The candour with which deputy speaker of parliament Jacob Oulanyah recently faulted his colleagues was startling but enlightening.

Oulanyah told Ugandans that their legislators had recently wasted valuable time politicking rather than discussing matters concerning development. Being one of the superintendents of parliament, we cannot doubt Oulanyah’s assessment.

Oulanyah was addressing members of the civil society during the parliamentary week recently. The Omolo representative has been quite consistent on this matter and once advised members to start watching debates in United Kingdom’s House of Commons (parliament) to learn how they present questions to the prime minister.

Oulanyah’s veiled barb against some members was triggered by pitiable presentation skills of some of them. And Oulanyah is spot on.

When it comes to debating some bills, a bigger part of that role, especially for the majority National Resistance Movement (NRM) members, is left to the caucus to decide. In the end, the NRM caucus has used its numerical strengths to rubber-stamp all government-sponsored bills.

The scattered voices of the opposition cannot be heard in the deafening din of the majority. At times, when shove comes to push, the opposition has walked out and left the matter to be decided by majority NRM.

And the NRM are never embarrassed by this exodus. Instead, they aye the bill with all the glee they can muster. In a way, parliament has been passing NRM caucus decrees disguised as national bills.

And since they have done this job so well, wouldn’t it be better if we suspended the House and reassigned the duty of making laws to the NRM caucus? The NRM chief whip, Ruth Nankabirwa, put it more succinctly during the clamour to remove presidential age limits.

“Do you expect me to whip members into legislating ourselves out of power?” she asked. What beats such honesty? Put it the other way, it would be foolhardy to amputate the hand that feeds you.

Some MPs have proudly said they were sent to parliament as representatives, not delegates. Apparently, in the wisdom of MPs, a representative can choose either to present what their constituents think about a certain matter or represent their own standpoint. However, a delegate has no choice but to support what the voters want.

Therefore, whenever there is a disagreement between the interests of the MPs and their constituents, the former prevails.

This is what happened during the acrimonious debate, which saw the bill about the removal of presidential age limits passed.

Even when a sizeable number of Ugandans preferred maintaining the Constitution, the MPs’ interests, rented with some silver coins, prevailed. The question then is: do we need the 400 or more MPs to make such foregone decisions? If the matter had been decided by 150 MPs, would it have made a difference? Never!

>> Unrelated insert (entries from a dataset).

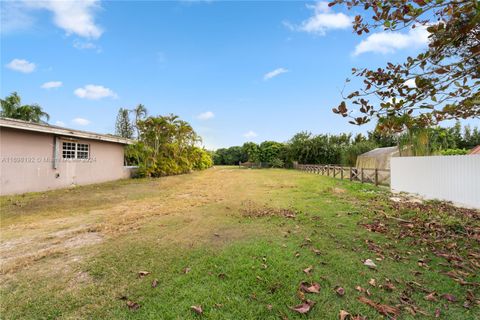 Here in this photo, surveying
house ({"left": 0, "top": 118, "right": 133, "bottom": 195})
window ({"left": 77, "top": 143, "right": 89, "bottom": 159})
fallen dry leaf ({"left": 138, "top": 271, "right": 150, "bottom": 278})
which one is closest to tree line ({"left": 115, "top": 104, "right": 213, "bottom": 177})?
house ({"left": 0, "top": 118, "right": 133, "bottom": 195})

Again, another question: what would Uganda miss if we didn’t have youth representatives, women representatives, army representatives or workers representatives?

Every constituency in this country has persons with disability, youths, women, workers and the army is a national professional institution.

The interesting part is that, by their admission, members of the armed forces present in parliament are in the House as “listening posts”. But when it comes to voting, they chose the NRM side. What value have all these interest groups added to the lives of Ugandans?

The lives of women and youths have definitely not improved as a result of being represented in parliament. The Prohibition of Female Genital Mutilation Bill (now Act) was fervently sponsored by Dr Chris Baryomunsi as a private member’s bill.  Naturally, this would have been sponsored by the feminists in the House. What happened?

Baryomunsi’s efforts in the broader sense indicate that one does not need to be a woman to sponsor a law intended to insulate women against intrusion of their bodily integrity.

Further, one does not need to be below 35 years to know the problems afflicting the youth. Parliament legislates for the country, and the problems of special interest groups such as women in a given constituency are not so different.

On the face of it, parliament seems fractious but one thing appears to unite all: the beckon and rustle of silver coins and minted paper. This parliament has become a rubber stamp for all manner of supplementary budgets especially those from State House.

They have abdicated their role of oversight of the executive and become fellow travellers. We need to rethink whether it isn’t high time that we amended the Constitution and reassigned the work of legislators to district councils or another well-suited NRM organ.

The author is the business development director at The Observer Media Limited.